Mark Russinovich is like a legend… half of the dynamite due that used to be SysInternals. They put out tons of utils for Windows admins. With machine cloning technologies that came of age during the last administrative epoch, and virtualization cloning become commonplace, the NewSID util is probably the most used utility they ever put out. It now seems using this utility has been a pointless exercise.
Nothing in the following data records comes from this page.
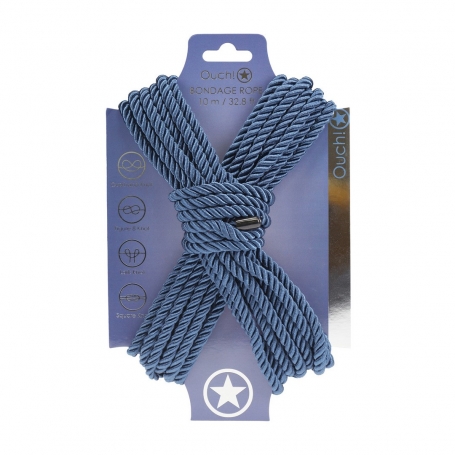 OUCH! POLYESTER BONDAGE ROPE 32.8 FT / 10 M NAVY BLUE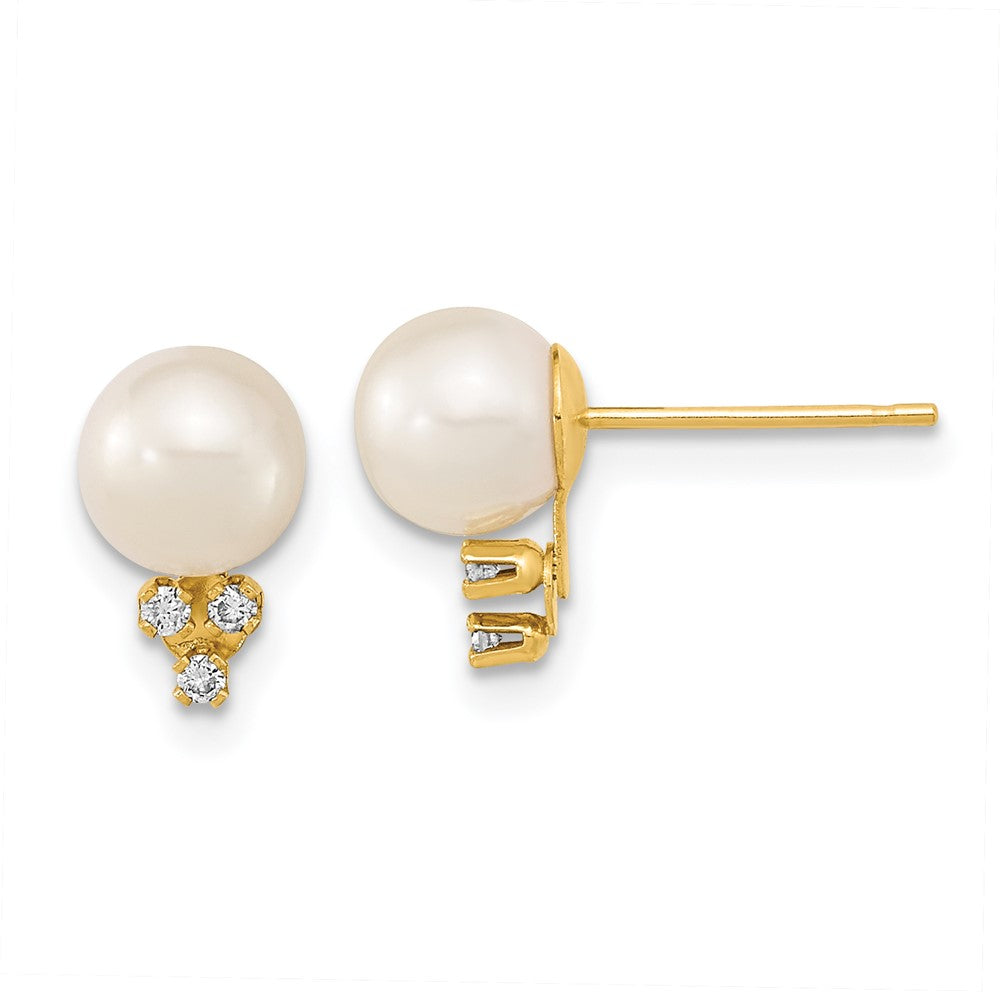 14k 6 7mm White Round Freshwater Cultured Pearl .06ct Diamond Post Earrings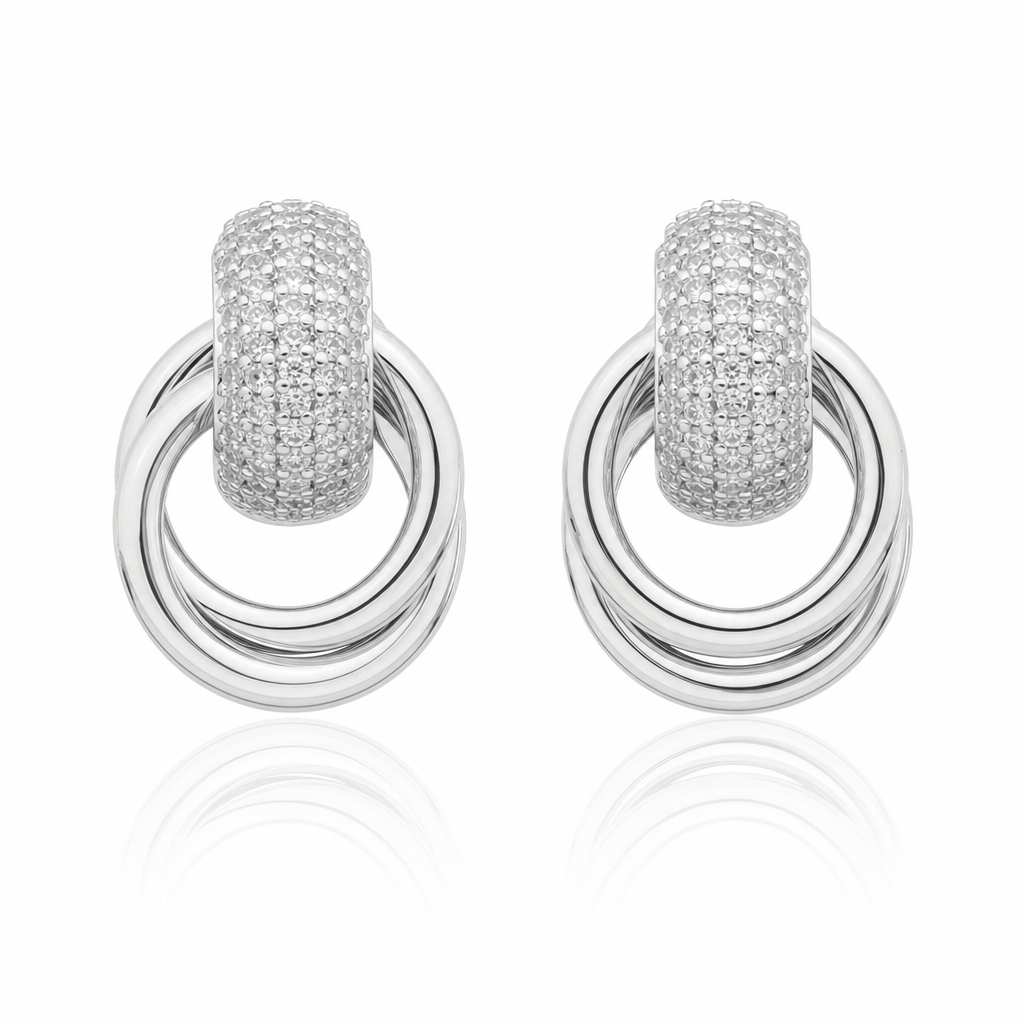 Entwined Drop Earrings · Rhodium by Amanelle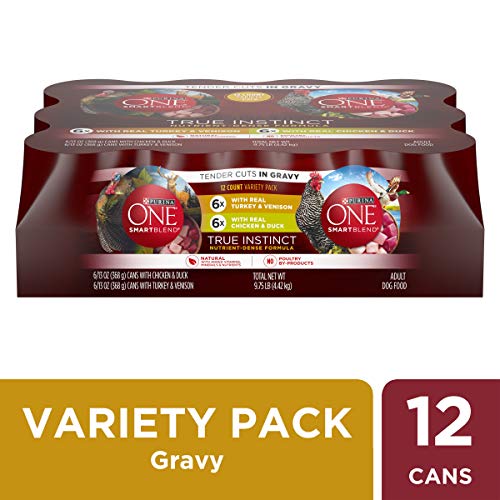 Product Cover Purina ONE Natural Gravy Wet Dog Food Variety Pack, SmartBlend True Instinct Tender Cuts - (12) 13 oz. Cans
The reason that I began considering NewSID for retirement is that, although people generally reported success with it on Windows Vista, I hadn’t fully tested it myself and I got occasional reports that some Windows component would fail after NewSID was used. When I set out to look into the reports I took a step back to understand how duplicate SIDs could cause problems, a belief that I had taken on faith like everyone else. The more I thought about it, the more I became convinced that machine SID duplication — having multiple computers with the same machine SID — doesn’t pose any problem, security or otherwise. I took my conclusion to the Windows security and deployment teams and no one could come up with a scenario where two systems with the same machine SID, whether in a Workgroup or a Domain, would cause an issue. At that point the decision to retire NewSID became obvious.
Its amazing how what is now common practice (even within Microsoft) was all based on an unconfirmed assumption of a problem that never existed. Quite simply the authority of the source gave the supposed problem and supplied solution their credibility. Nobody, not even Microsoft, ever considered even assessing the validity of the solution… let alone the proposed problem.
I still don’t know what to say. I’m actually scared to stop using it… even though the author himself has confirmed its futility. That kind of clinging to a now dis-proven practice has got to be some kind of psychological phenomenon.